=== Section Start ===

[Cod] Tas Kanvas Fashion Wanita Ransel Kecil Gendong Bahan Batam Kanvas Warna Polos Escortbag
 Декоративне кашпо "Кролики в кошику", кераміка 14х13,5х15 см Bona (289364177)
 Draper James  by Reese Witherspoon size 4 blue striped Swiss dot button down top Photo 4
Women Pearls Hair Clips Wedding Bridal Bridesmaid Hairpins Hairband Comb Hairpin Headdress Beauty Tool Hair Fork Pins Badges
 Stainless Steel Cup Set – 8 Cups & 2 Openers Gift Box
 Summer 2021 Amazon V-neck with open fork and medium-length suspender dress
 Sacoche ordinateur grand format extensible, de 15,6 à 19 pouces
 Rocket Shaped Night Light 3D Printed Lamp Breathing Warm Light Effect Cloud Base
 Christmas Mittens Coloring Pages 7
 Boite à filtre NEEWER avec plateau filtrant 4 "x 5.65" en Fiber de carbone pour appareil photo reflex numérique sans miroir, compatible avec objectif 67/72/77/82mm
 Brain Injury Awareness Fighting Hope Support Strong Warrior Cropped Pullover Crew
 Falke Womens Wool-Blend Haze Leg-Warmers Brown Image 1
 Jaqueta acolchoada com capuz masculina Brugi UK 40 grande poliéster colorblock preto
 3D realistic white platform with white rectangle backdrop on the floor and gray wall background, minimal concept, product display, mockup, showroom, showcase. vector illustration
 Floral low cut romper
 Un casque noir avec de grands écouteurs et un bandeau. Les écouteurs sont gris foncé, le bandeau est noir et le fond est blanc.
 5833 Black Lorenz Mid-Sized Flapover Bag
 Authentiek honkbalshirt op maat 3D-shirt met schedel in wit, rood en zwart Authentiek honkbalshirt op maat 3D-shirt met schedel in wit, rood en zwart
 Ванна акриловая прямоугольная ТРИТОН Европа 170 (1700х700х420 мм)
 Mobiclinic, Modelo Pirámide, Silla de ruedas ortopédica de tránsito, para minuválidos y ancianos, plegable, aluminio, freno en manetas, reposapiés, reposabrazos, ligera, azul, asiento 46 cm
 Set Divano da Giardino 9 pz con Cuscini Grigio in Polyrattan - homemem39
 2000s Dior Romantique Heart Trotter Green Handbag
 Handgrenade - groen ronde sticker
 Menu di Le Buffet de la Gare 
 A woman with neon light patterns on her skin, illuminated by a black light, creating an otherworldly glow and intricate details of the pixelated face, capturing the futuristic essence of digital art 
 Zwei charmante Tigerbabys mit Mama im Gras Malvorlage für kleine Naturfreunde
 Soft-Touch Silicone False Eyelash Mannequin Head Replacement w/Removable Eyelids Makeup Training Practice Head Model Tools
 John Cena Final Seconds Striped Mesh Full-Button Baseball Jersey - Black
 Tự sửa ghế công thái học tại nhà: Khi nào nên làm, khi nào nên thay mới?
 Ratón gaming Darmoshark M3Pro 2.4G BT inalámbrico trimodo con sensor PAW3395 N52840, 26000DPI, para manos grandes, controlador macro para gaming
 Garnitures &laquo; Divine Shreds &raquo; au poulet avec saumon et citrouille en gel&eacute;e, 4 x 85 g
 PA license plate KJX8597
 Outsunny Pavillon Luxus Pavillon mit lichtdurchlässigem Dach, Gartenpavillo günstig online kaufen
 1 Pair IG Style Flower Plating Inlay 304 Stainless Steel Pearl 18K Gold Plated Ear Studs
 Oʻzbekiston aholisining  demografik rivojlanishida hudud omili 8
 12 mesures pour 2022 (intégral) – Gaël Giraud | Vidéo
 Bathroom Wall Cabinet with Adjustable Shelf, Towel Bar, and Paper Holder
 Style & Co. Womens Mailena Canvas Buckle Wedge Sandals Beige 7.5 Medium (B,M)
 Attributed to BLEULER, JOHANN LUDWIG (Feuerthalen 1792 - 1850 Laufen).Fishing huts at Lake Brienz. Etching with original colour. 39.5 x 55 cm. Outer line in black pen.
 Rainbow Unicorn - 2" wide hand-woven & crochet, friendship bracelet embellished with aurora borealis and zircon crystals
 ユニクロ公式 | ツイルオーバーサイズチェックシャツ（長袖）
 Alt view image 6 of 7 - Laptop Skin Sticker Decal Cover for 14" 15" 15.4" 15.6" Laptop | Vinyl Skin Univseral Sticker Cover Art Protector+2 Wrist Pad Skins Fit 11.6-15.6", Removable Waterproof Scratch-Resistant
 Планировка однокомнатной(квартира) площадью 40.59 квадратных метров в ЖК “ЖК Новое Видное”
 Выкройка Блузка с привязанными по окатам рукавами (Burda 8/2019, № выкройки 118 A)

=== Section End ===

Exactly as written, repeat the lines from the start of the listing through the line containing "Women Pearls Hair", both included.

[Cod] Tas Kanvas Fashion Wanita Ransel Kecil Gendong Bahan Batam Kanvas Warna Polos Escortbag
 Декоративне кашпо "Кролики в кошику", кераміка 14х13,5х15 см Bona (289364177)
 Draper James  by Reese Witherspoon size 4 blue striped Swiss dot button down top Photo 4
Women Pearls Hair Clips Wedding Bridal Bridesmaid Hairpins Hairband Comb Hairpin Headdress Beauty Tool Hair Fork Pins Badges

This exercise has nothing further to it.